BEGIN Data shown

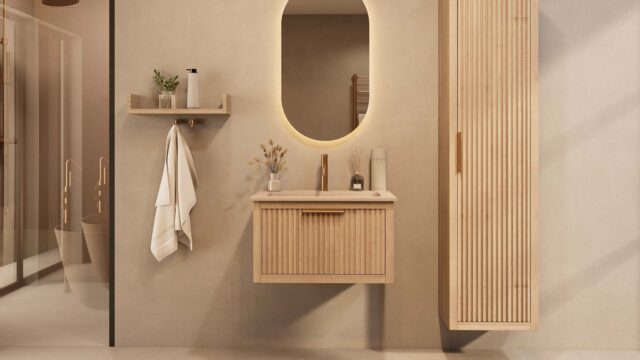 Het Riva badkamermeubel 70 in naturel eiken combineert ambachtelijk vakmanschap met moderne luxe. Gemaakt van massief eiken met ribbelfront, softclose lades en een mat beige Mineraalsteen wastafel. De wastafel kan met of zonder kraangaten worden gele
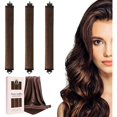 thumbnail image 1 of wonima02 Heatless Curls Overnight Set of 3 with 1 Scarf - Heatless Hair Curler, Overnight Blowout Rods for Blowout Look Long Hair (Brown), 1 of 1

END Data shown
BEGIN Data shown

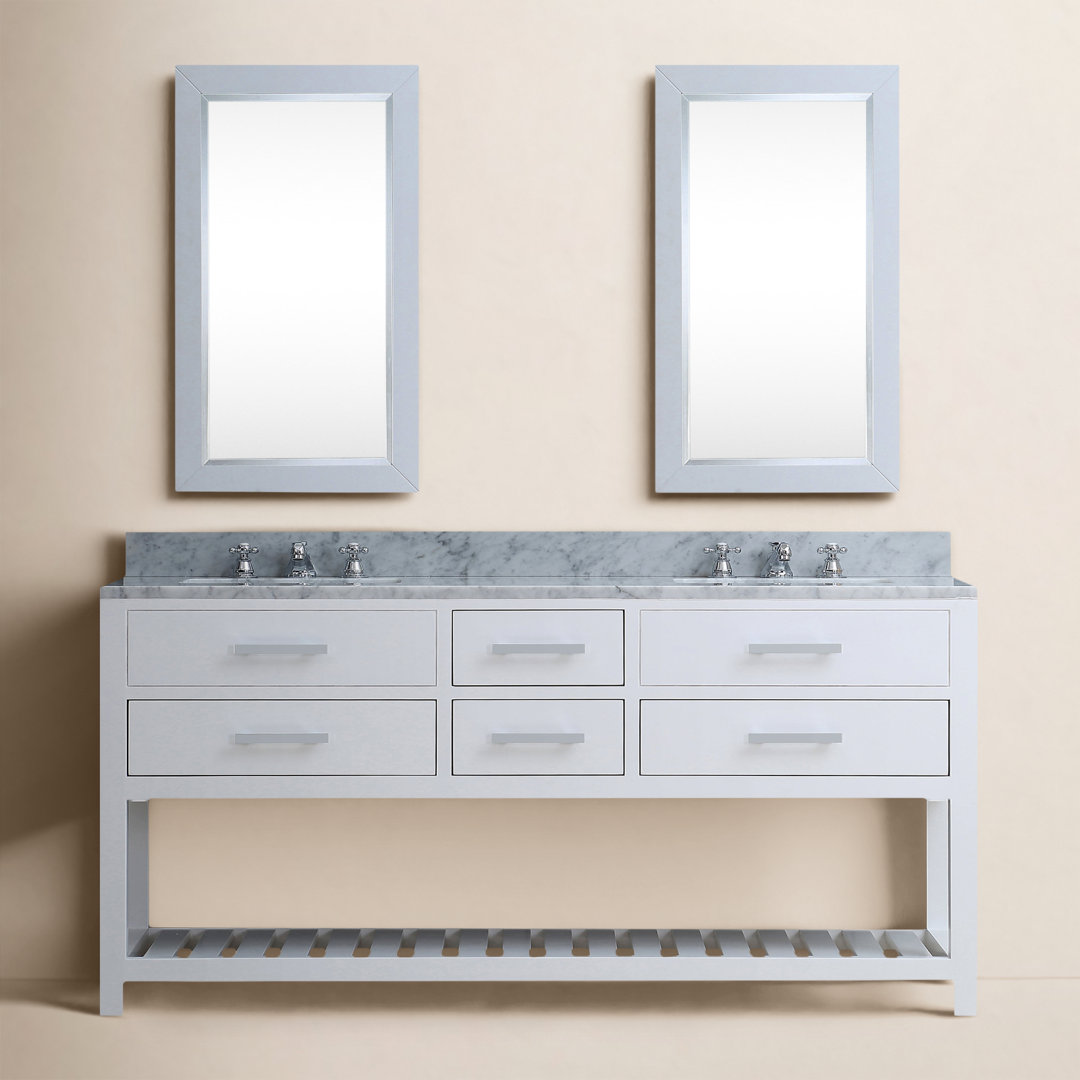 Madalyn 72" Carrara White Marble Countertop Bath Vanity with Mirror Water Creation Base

END Data shown

What is needed is an exact copy of the lines above from the one with "Het Riva badkamermeubel" to the one with "thumbnail image 1", both ends kept, and nothing more; please leave the pictures out.

 Het Riva badkamermeubel 70 in naturel eiken combineert ambachtelijk vakmanschap met moderne luxe. Gemaakt van massief eiken met ribbelfront, softclose lades en een mat beige Mineraalsteen wastafel. De wastafel kan met of zonder kraangaten worden gele
 thumbnail image 1 of wonima02 Heatless Curls Overnight Set of 3 with 1 Scarf - Heatless Hair Curler, Overnight Blowout Rods for Blowout Look Long Hair (Brown), 1 of 1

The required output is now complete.